▸ YOUR TASK
Take the entries below and print all of them exactly, please.

*****

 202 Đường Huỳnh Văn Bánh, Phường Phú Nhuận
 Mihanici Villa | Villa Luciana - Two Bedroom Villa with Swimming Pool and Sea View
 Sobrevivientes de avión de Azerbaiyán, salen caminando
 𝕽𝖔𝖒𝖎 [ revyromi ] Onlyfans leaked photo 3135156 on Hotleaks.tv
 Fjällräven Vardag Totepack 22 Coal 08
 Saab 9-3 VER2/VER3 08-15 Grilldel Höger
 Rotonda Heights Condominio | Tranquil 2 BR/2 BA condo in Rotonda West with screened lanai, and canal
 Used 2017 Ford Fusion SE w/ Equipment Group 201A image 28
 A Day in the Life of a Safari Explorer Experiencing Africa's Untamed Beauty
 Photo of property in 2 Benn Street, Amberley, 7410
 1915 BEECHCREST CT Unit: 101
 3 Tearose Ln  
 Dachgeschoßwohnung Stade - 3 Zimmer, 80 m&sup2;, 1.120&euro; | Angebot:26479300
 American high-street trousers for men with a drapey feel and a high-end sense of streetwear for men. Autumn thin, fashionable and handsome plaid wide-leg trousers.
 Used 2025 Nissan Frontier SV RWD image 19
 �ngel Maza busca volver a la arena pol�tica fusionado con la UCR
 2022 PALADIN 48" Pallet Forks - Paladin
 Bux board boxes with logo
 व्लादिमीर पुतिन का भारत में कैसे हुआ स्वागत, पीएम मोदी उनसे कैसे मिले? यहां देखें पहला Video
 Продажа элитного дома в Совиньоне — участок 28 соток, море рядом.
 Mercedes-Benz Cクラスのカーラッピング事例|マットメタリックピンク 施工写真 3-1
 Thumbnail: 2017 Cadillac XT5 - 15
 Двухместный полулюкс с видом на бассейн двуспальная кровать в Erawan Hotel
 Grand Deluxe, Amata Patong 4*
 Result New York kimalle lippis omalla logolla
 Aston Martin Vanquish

*****

▸ FINAL ANSWER
 202 Đường Huỳnh Văn Bánh, Phường Phú Nhuận
 Mihanici Villa | Villa Luciana - Two Bedroom Villa with Swimming Pool and Sea View
 Sobrevivientes de avión de Azerbaiyán, salen caminando
 𝕽𝖔𝖒𝖎 [ revyromi ] Onlyfans leaked photo 3135156 on Hotleaks.tv
 Fjällräven Vardag Totepack 22 Coal 08
 Saab 9-3 VER2/VER3 08-15 Grilldel Höger
 Rotonda Heights Condominio | Tranquil 2 BR/2 BA condo in Rotonda West with screened lanai, and canal
 Used 2017 Ford Fusion SE w/ Equipment Group 201A image 28
 A Day in the Life of a Safari Explorer Experiencing Africa's Untamed Beauty
 Photo of property in 2 Benn Street, Amberley, 7410
 1915 BEECHCREST CT Unit: 101
 3 Tearose Ln  
 Dachgeschoßwohnung Stade - 3 Zimmer, 80 m&sup2;, 1.120&euro; | Angebot:26479300
 American high-street trousers for men with a drapey feel and a high-end sense of streetwear for men. Autumn thin, fashionable and handsome plaid wide-leg trousers.
 Used 2025 Nissan Frontier SV RWD image 19
 �ngel Maza busca volver a la arena pol�tica fusionado con la UCR
 2022 PALADIN 48" Pallet Forks - Paladin
 Bux board boxes with logo
 व्लादिमीर पुतिन का भारत में कैसे हुआ स्वागत, पीएम मोदी उनसे कैसे मिले? यहां देखें पहला Video
 Продажа элитного дома в Совиньоне — участок 28 соток, море рядом.
 Mercedes-Benz Cクラスのカーラッピング事例|マットメタリックピンク 施工写真 3-1
 Thumbnail: 2017 Cadillac XT5 - 15
 Двухместный полулюкс с видом на бассейн двуспальная кровать в Erawan Hotel
 Grand Deluxe, Amata Patong 4*
 Result New York kimalle lippis omalla logolla
 Aston Martin Vanquish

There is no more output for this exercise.